I am not sure what docs you are referring to Jonathan. The book gives an 
example:

"The general syntax for routes is more complex than the simple examples we 
have seen so far. Here is a more general and representative example:

1.
2.
3.
4.

routes_in = (
 ('140\.191\.\d+\.\d+:https://www.web2py.com:POST /(?P<any>.*)\.php',
  '/test/default/index?vars=\g<any>'),
)

"
that seems to imply the URL is a string. It would be useful if one could 
see the URL presented to routes_in.

Let me ask the second part of my initial post slightly revised.
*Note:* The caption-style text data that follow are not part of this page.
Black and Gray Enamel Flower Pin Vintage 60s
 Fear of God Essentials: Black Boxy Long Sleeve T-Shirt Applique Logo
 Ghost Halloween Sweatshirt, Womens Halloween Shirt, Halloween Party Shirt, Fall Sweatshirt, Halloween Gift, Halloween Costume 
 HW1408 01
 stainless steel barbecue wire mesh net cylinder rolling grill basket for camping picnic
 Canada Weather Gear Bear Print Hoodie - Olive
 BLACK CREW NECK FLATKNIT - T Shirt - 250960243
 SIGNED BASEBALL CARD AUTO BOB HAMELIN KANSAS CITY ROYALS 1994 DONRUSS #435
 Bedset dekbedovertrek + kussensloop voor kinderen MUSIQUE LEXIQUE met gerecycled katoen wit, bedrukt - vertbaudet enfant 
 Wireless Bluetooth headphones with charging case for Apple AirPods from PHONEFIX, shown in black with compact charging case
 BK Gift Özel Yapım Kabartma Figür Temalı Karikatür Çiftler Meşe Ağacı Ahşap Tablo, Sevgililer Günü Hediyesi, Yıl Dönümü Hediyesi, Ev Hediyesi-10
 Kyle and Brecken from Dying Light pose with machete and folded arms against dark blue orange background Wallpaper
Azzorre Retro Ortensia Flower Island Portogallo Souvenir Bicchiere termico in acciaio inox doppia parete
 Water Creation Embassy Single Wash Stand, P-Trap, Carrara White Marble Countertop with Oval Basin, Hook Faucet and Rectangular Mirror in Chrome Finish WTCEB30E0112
I would like, within routes_In to be able to route according to domain name.

 

So what would routes_in look like to route

 127.0.0.1:8002 to welcome, and

 localhost:8002 to admin
Thanks
Peter


On Wednesday, 29 August 2012 14:59:36 UTC+1, Jonathan Lundell wrote:
>
> On 29 Aug 2012, at 6:46 AM, peter <peterchu...@gmail.com <javascript:>> 
> wrote:
>
> Okay, I get it now, routes_app does not select the application, only where 
> to get the substitute routes.py.  The book is right with hindsight, but did 
> not lead me to the right understanding. Maybe it should be clearer that it 
> only controls which routes.py is used. 
>
> The phrase " This is enabled by configuring routes_app in the base 
> routes.py to determine from an incoming URL the name of the application to 
> be selected ". Does imply a bit more than this. Pattern based routing is 
> confusing enough already.
>
> Could you now explain the following.
>
> If I have a URL
>
> 127.0.0.1:8002/gallery
>
> This selects my gallery app.
>
> If in routes.py I put
>
> routes_in = (('/gallery','/welcome'),)
>
> It does now route
>
> 127.0.0.1:8002/gallery to the welcome app.
>
> However if I change the routes_in to
>
> routes_in = (('2/gallery','2/welcome'),)
>
> it no longer routes
>
> 127.0.0.1:8002/gallery to the welcome app, but leaves it as the gallery 
> app, so routes_in is no longer working.
>
> Why is this?
>
>
> If you're trying to match the 2 from the port number, that's not going to 
> work. The incoming URL isn't presented as a single string, but is instead 
> broken up into components. I don't have the syntax at hand, but if you 
> review the docs with that in mind you'll probably figure it out. Or someone 
> else will chime in with the right pattern.